START DATA EXTRACTS

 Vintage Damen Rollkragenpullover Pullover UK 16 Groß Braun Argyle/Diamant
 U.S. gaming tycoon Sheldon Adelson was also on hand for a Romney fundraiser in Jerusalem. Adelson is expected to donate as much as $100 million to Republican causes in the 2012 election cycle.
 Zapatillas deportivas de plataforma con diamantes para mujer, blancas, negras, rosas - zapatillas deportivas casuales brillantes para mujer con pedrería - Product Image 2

END DATA EXTRACTS
START DATA EXTRACTS

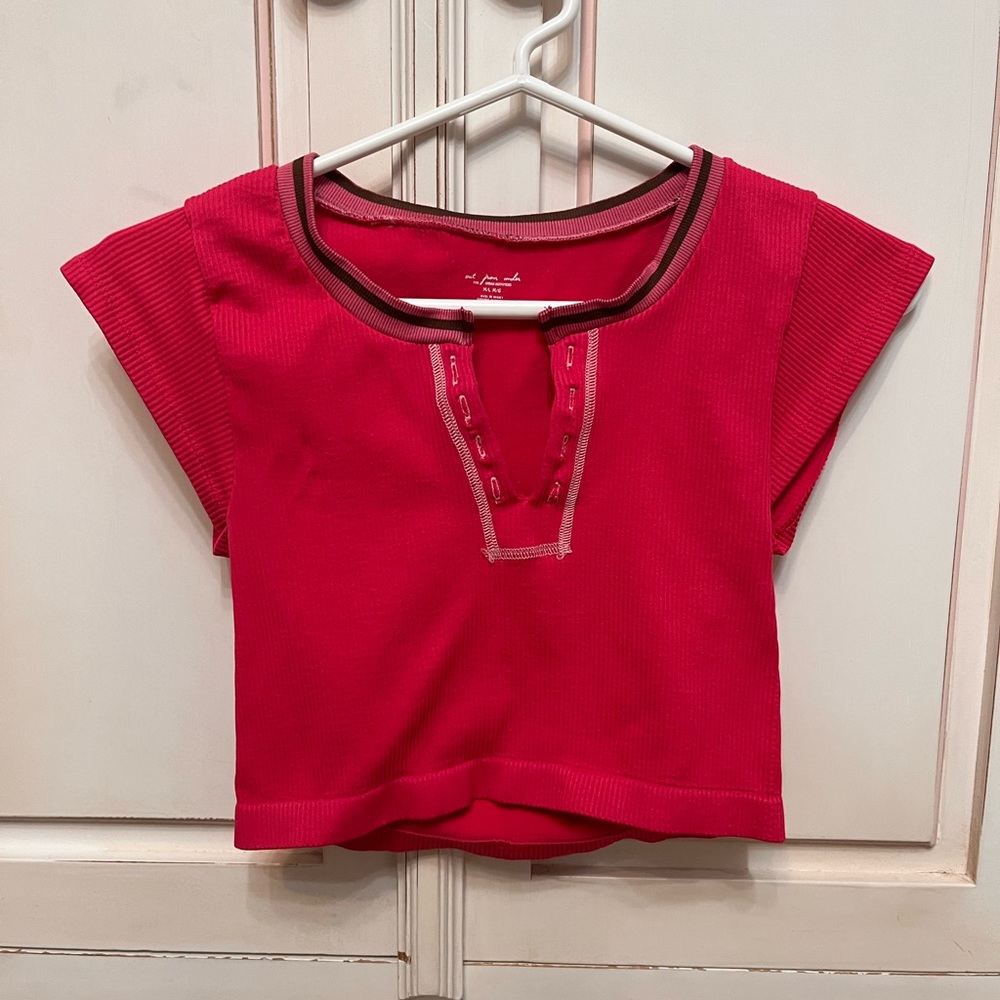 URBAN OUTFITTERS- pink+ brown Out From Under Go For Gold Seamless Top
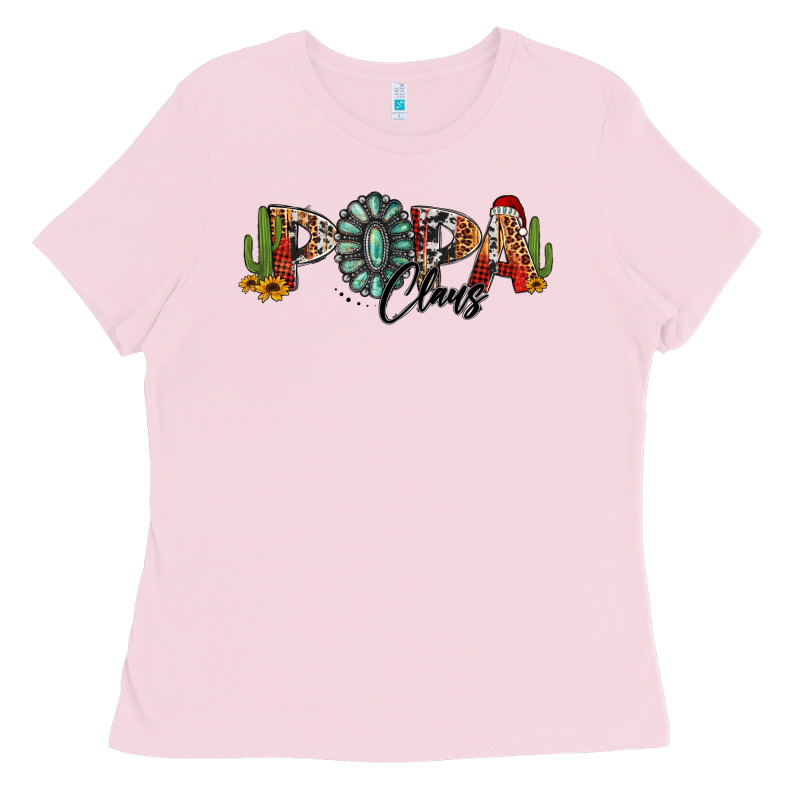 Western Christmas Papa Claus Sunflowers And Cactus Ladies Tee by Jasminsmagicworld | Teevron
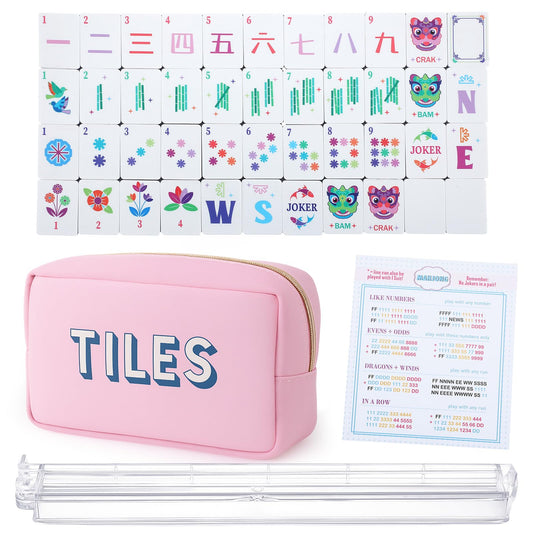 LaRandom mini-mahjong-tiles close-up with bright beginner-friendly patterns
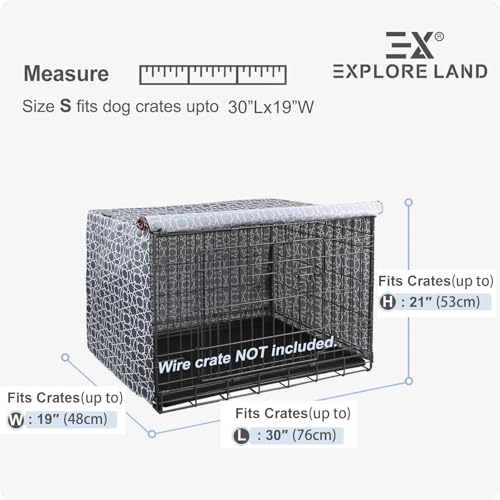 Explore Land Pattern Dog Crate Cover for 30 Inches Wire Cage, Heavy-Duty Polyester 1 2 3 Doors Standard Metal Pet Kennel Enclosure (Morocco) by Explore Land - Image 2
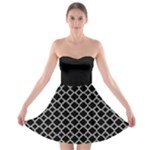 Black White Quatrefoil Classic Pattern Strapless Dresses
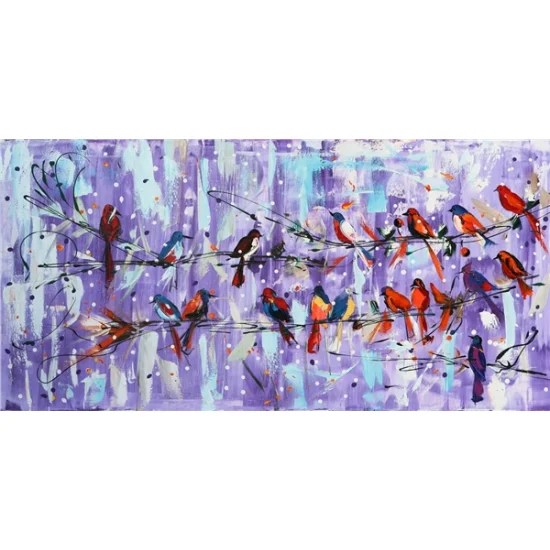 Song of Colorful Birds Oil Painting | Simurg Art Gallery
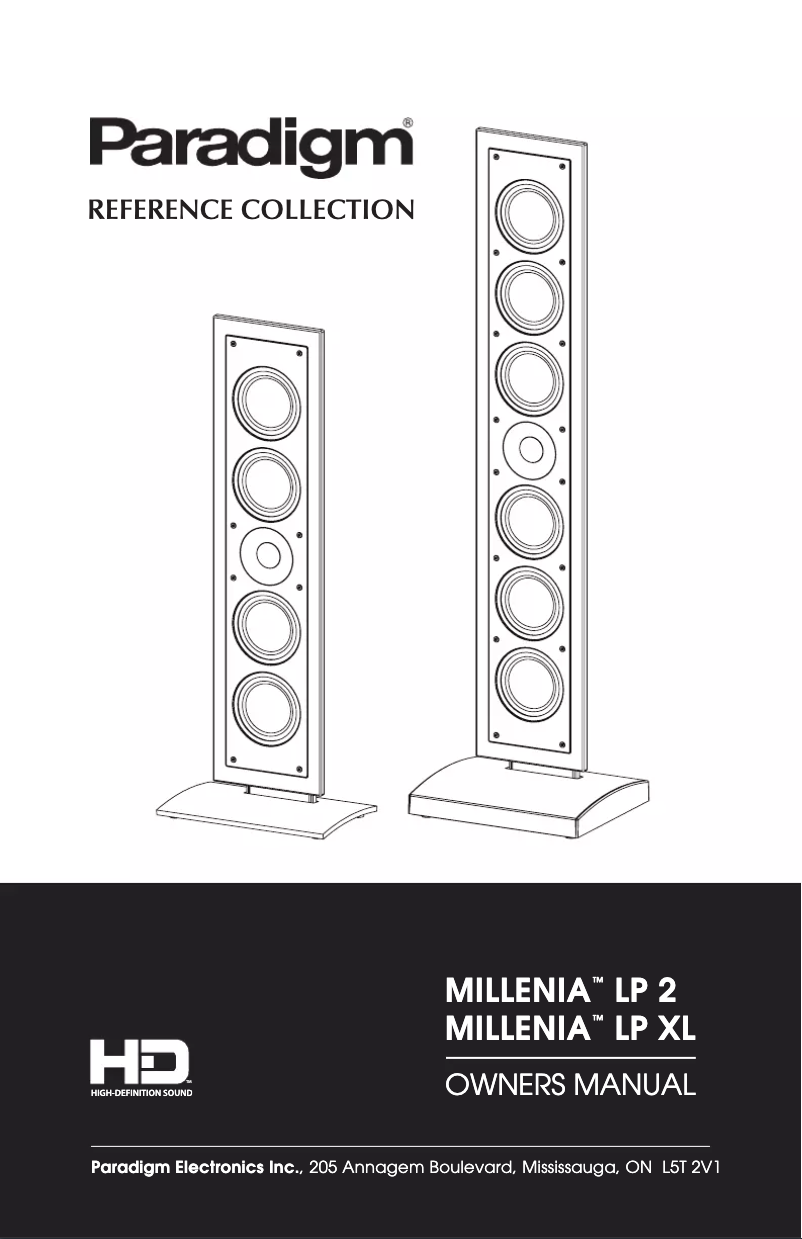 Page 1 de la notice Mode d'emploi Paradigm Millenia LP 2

END DATA EXTRACTS

THE PROBLEM :: Give back exactly the lines above that run from the one with "Western Christmas Papa" to the one with "Page 1 de la", including both, with the pictures left out.

WRITTEN REPLY ::
 Western Christmas Papa Claus Sunflowers And Cactus Ladies Tee by Jasminsmagicworld | Teevron
 LaRandom mini-mahjong-tiles close-up with bright beginner-friendly patterns
 Explore Land Pattern Dog Crate Cover for 30 Inches Wire Cage, Heavy-Duty Polyester 1 2 3 Doors Standard Metal Pet Kennel Enclosure (Morocco) by Explore Land - Image 2
 Black White Quatrefoil Classic Pattern Strapless Dresses
 Song of Colorful Birds Oil Painting | Simurg Art Gallery
 Page 1 de la notice Mode d'emploi Paradigm Millenia LP 2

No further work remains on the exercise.